We give our verdict on the latest from Alexis Kennedy.

Cultist Simulator
Credit: Weather Factory

It’s a dark world, so very dark. With deep mythologies and strange unseen powers at play. Who can be brought into the cult? Who can be offered as a sacrifice? Who will take charge? In Cultist Simulator, the answer is you.

The latest release from writer Alexis Kennedy who brought us Fallen London and Sunless Sea via his own company, Failbetter Games, allows players to take on the role of an ordinary person, someone who is concerned with paying the bills and having a career but whose ultimate objective is to tap into the dark, magical and mythical world beneath. Exciting no?

Unfortunately not. This game and premise could have made an enthralling RPG but the direction they decided to go in was in the form of a timed card game. Instantly this felt like a game better suited to mobile gaming than PC. From the first moment the player sees the overhead view of the card table onto which they can place their cards. Each spot capable of taking cards is given an overarching name; Work, Time, Explore, Talk, Study and Dream.

Watch the Cultist Simulator – Bring the Dawn trailer below:

Once a card is placed the issue of the timer becomes more imperative. As it ticks its way down you must play other cards in conjunction with the original to bring about different effects and storylines. By studying you are able to gain knowledge of the occult from your vast library, by working you earn money, by talking you interact with other characters; be they followers, potential followers or intrusive investigators, by exploring you can travel to other locations and discover their secrets for use later in the game and dreaming allows you to understand the game more completely. This all sounds enthralling and I must admit that on the first couple of playthroughs I was taken in by the immersive and deep nature of the mythology and the potential actions playable. The timer system works well to keep the game’s pace however the novelty did wear thin.

Once you understand how to progress through the myriad of options you will find that new paths present themselves, this includes when you inevitably lose the game you will be given a different career option for your work which will change the direction and characters in the story. This has been well modelled and does add to the replay value of the game. I do have a slight issue with the length of time it takes for a playthrough though. Generally games can last as long as 3 hours which for games like civilisation simulations makes sense and keeps you interested through constantly moving about and making decisions. Though decision making is present in Cultist Simulator I found the card based nature of the game to become tiresome; had I not been reviewing the game I doubt whether I’d have given each play as much time as I did.
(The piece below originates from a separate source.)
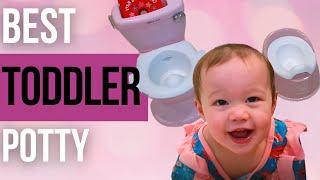 POTTY TRAINING FOR TODDLERS 2022  Best Toddler Potty + Review of OXO-Tot SummerInfant & BabyBjorn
The game itself is excellently written. It has an engaging story and characters with a far deeper world mythology than I was expecting, one far more detailed than I have seen in many traditional RPGs. Kennedy has excelled himself with the amount of information and intrigue he has been able to conjure with only a tabletop setting but again I can’t help but feel that this amount of creativity and lore is perhaps wasted on such a static game.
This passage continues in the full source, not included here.